Le pavé social dans la mare des drames relationnels et familiaux ordianires arrive avec La voleuse de Saint-Lubin. Basé sur un fait divers, une mère de famille démunie vole de la viande dans un supermarché, Claire Devers récrée l’histoire de Françoise Barnier, traînée par deux fois devant les tribuanux. Dominique Blanc qui l’interprète joue tout en finesse cette femme simple et droite qu’on ne peut humilier. Elle vient d’une famille où être pauvre n’est pas une honte ». Le film motre comment le FN local cherche à exploiter cette affaire. Diffusé par Arte le 18 mars, la chaîne a été amenée à brouiller le sigle FN dans plusieurs séquences pour éviter un procès.

Les autres thèmes récurrents, l’usure des sentiments, la recherche d’une famille de cœur sont particulièrement bien traités dans les films français sélectionnés par les différentes sections du festival. Ainsi, Gouttes d’eau sur pierres brûlantes de François Ozon avec Bernard Giraudeau qui campe un séducteur-jouisseur sans scrupules, est tourné d’après une pièce de jeunesse de Faßbinder.

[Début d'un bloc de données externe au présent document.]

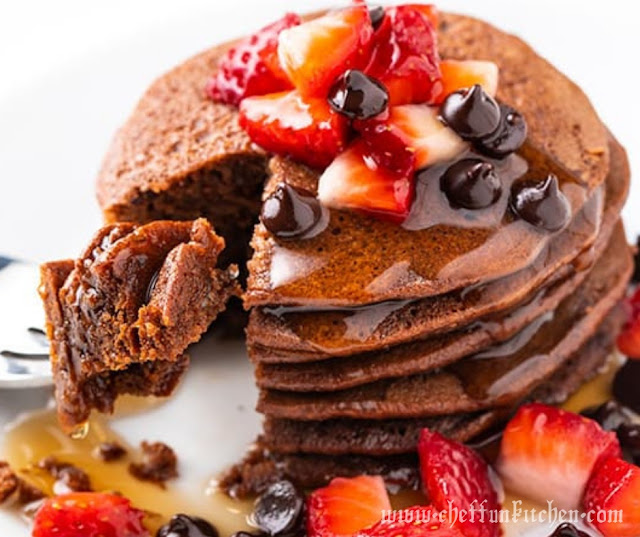 LOW CARB CHOCOLATE PROTEIN PANCAKES RECIPE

Un couple d’homosexuels qui pourrait être père et fils, leur existence petite-bourgeoise basée sur la domination et la soumission « où celui qui aime souffre toujours plus », est enregistré froidement, témoignant de la tragédie de la fin d’un amour.
  Gouttes d'eau sur pierres brûlantes
Mo de Fu Quin Mu Quin
(la route qui mène à la maison), film tourné dans une campagne aride où la venue d’un instituteur et la construction d’une école vont transforme une jeune fille contemplative en amoureuse transie suractive. Commentaire laconique des administrateurs du village « notre premier cas d’un amour si franchement déclaré ». Au cinéma on apprend parfois concrètement des choses : ici, comment sont réparés les bols en céramique : une ficelle tient les différents fragments ensemble, tisse sa toile d’araignée. Puis de minuscules trous sont percés à plusieurs endroits. Des agrafes métalliques tiennent les parties disjointes ensemble. Un chef-d’œuvre d’art et de tradition populaire. L’interprète (on dirait une petite sœur de Gong Li) se joue de tout cela. Elle balaie tous les obstacles. Comme Yu kong, elle déplace les données et les traditions du village, mais elle ne le fait pas pour construire le socialisme, elle le fait pour que l’instituteur qu’elle aime, revienne au village. Dommage qu’une musique mielleuse et tonitruante gâche un peu ce bijou.

Un autre film travaille le même filon, mais de façon ironique, c’est Paradiso, sept jours avec sept femmes de Rudolf Thome, qui laboure la terre de l’utopie avec sérénité. Un compositeur invite, pour fêter ses 60 ans, les 7 femmes de sa vie. Rencontre de tous les dangers : sa première femme est devenue religieuse, son fils dont il ne s’est jamais occupé, l’assomme d’un bon coup de bâton, mais tout le monde va planter un arbre (Thome n’a peur d’aucun cliché) se mettre à boire, à manger et à danser.

À côté de ce déferlement de pays riches, le film simple de Nuri Bilge Ceylan semble venir d’une autre planète. Mayis Sikintisi, (soucis de mal), film turc, est la description laconique des conditions sociales de la vie en Anatolie. C’est aussi une réflexion sur la Turquie rurale, sur les rapports entre jeunes et vieux, ruraux et citadins, grands-parents et petits-enfants, père et fils etc. Un vieux lutte pour garder les arbres qui entourent son champ. Le fils cinéaste, au lieu de filmer l’histoire de ce combat solitaire, s’engage dans la voie du conformisme et reste totalement fermé aux soucis de son père. Un film minimaliste qui exige patience et écoute. Mais qui vous récompense par la sensation agréable d’avoir vu la vie et ses flèches prêtes à partir. La réalité sociale émerge des gestes simples, des épreuves réelles et imposées. Un bonheur.